▶ [PROBLEM TO WORK ON]: Write out the entries below exactly as they stand. Skip every image.

▶ [TASK DATA]:
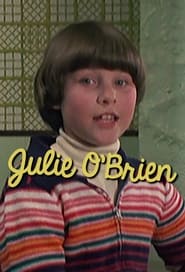 Watch Julie O'Brien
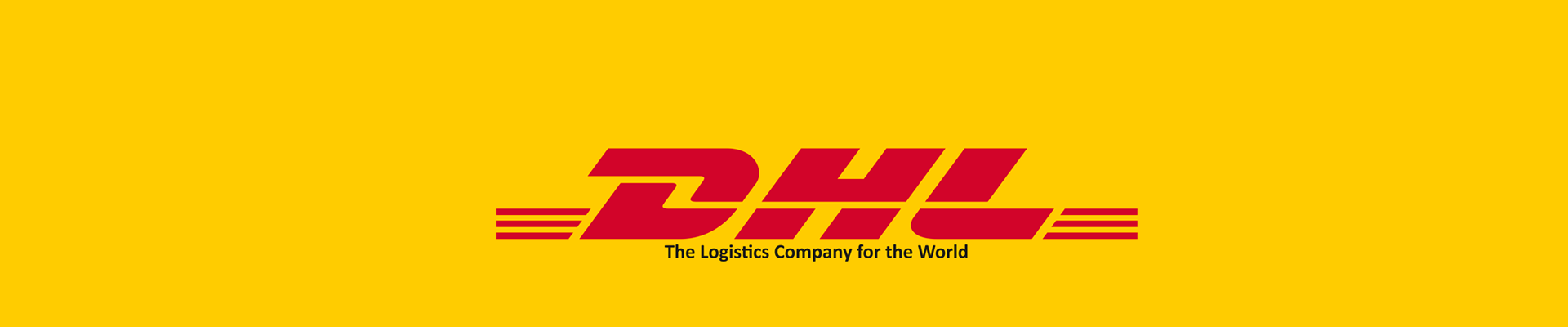 DHL Stafetten Aalborg 2022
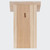 Wren Birdhouse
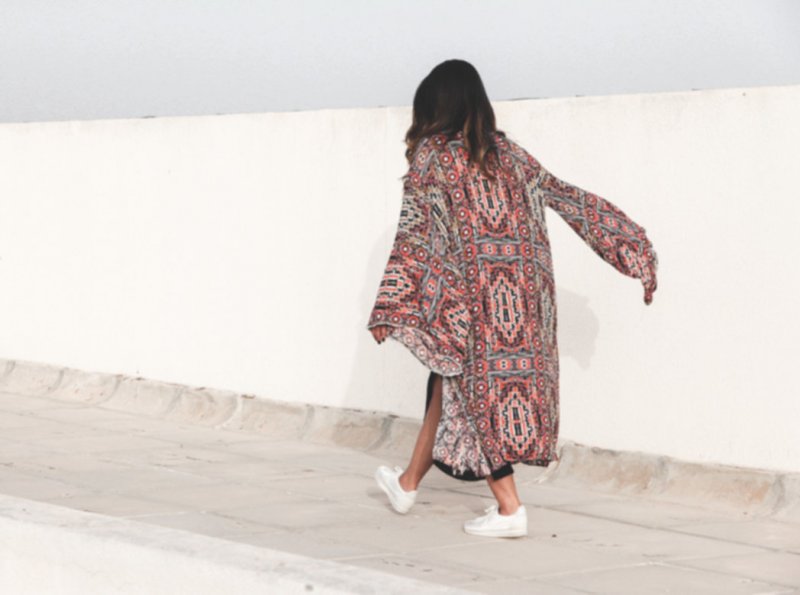 برادا<br />
&nbsp;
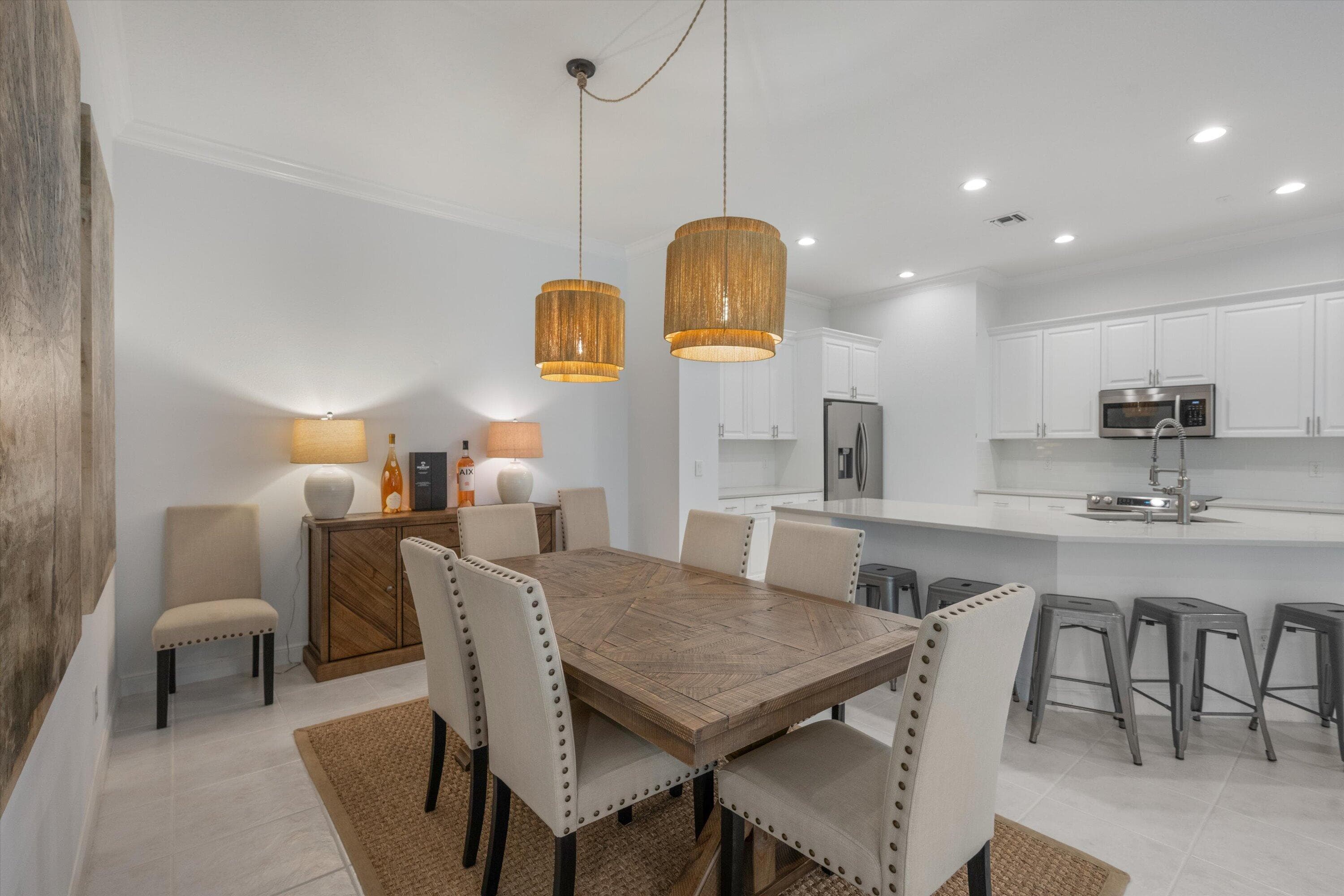 2920 Twin Oaks Way, Wellington, FL 33414 12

▶ [WRITTEN SOLUTION]:
 Watch Julie O'Brien
 DHL Stafetten Aalborg 2022
 Wren Birdhouse
 برادا<br />
&nbsp;
 2920 Twin Oaks Way, Wellington, FL 33414 12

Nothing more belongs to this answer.